On 14 June, the 2008 Iwate earthquake struck the Tōhoku region of northeastern Honshū in Japan. Japan Meteorological Agency (JMA) officially named this earthquake the Iwate–Miyagi Nairiku earthquake in 2008 (平成20年（2008年）岩手・宮城内陸地震). This earthquake occurred in the south of the inland of Iwate Prefecture at 8:43 JST on June 14 (23:43 UTC on June 13). The JMA magnitude was estimated at 7.2, and the moment magnitude by USGS was at 6.9. The epicenter was located at , about 85 kilometres (55 mi) north of Sendai and about 385 kilometres (240 mi) north-northeast of Tokyo.

The strongest shaking was measured in the cities of Ōshū (Iwate) and Kurihara (Miyagi), both of which were measured as "strong 6" on the Japan Meteorological Agency seismic intensity scale, shindo (震度, shindo). Peak ground acceleration readings were exceptionally high, with a maximum vector sum (3 component) value of 4,278 cm/s^{2} (4.36 g).

==Intensity==
Seismic intensity (震度, Shindo) represents the strength of ground motion.
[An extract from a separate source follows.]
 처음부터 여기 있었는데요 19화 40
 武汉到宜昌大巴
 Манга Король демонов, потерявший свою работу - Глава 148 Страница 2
JMA uses the scales of 0 to 7: 0, 1, 2, 3, 4, weak/strong 5, weak/strong 6, 7.

| Prefecture | Seismic intensities |  |  |  |  |  |  |  |
|---|---|---|---|---|---|---|---|---|
| Iwate | 6+ | 6- | 5+ | 5- | 4 | 3 | 2 |  |
| Miyagi | 6+ | 6- | 5+ | 5- | 4 | 3 |  |  |
| Akita |  |  | 5+ | 5- | 4 | 3 | 2 |  |
| Yamagata |  |  |  | 5- | 4 | 3 | 2 |  |
| Fukushima |  |  |  | 5- | 4 | 3 | 2 | 1 |
| Aomori |  |  |  |  | 4 | 3 | 2 | 1 |
| Ibaraki |  |  |  |  | 4 | 3 | 2 |  |
| Tochigi |  |  |  |  | 4 | 3 | 2 | 1 |
| Niigata |  |  |  |  | 4 | 3 | 2 | 1 |
| Hokkaidō |  |  |  |  |  | 3 | 2 | 1 |
| Gunma |  |  |  |  |  | 3 | 2 | 1 |
| Saitama |  |  |  |  |  | 3 | 2 | 1 |
| Chiba |  |  |  |  |  | 3 | 2 | 1 |
| Tokyo |  |  |  |  |  | 3 | 2 | 1 |
| Kanagawa |  |  |  |  |  | 3 | 2 | 1 |
| Yamanashi |  |  |  |  |  | 3 | 2 | 1 |
| Ishikawa |  |  |  |  |  |  | 2 | 1 |
| Nagano |  |  |  |  |  |  | 2 | 1 |
| Shizuoka |  |  |  |  |  |  | 2 | 1 |
| Aichi |  |  |  |  |  |  |  | 1 |

Tremors were felt across a large area.

| Intensity | Prefecture | Location |
| 6+ | Iwate | Ōshū |
| Miyagi | Kurihara |
| 6- | Miyagi | Osaki |
| 5+ | Akita | Yuzawa, Higashinaruse |
| Iwate | Kitakami, Ichinoseki, Kanegasaki, Hiraizumi |
| Miyagi | Kami, Wakuya, Tome, Misato, Natori, Sendai (Miyagino, Wakabayashi), Rifu |
| 5- | Akita | Yokote, Ugo, Misato, Daisen |
| Iwate | Tono, Fujisawa, Nishiwaga |
| Miyagi | Shikama, Kakuda, Iwanuma, Zao, Ogawara, Kawasaki, Sendai (Aoba, Izumi), Ishinomaki, Ohira |
| Yamagata | Mogami |
| Fukushima | Shinchi |

==Tectonics==
According to the United States Geological Survey:
The Mw 6.8 Honshu earthquake of June 13th 2008 occurred in a region of convergence between the Pacific plate and the Okhotsk section of the North American plate in northern Japan, where the Pacific plate is moving west-northwest with respect to North America at a rate of approximately 8.3 cm/yr. The hypocenter of the earthquake indicates shallow thrusting motion in the upper (Okhotsk) plate, above the subducting Pacific plate, which lies at approximately 80 km depth at this location.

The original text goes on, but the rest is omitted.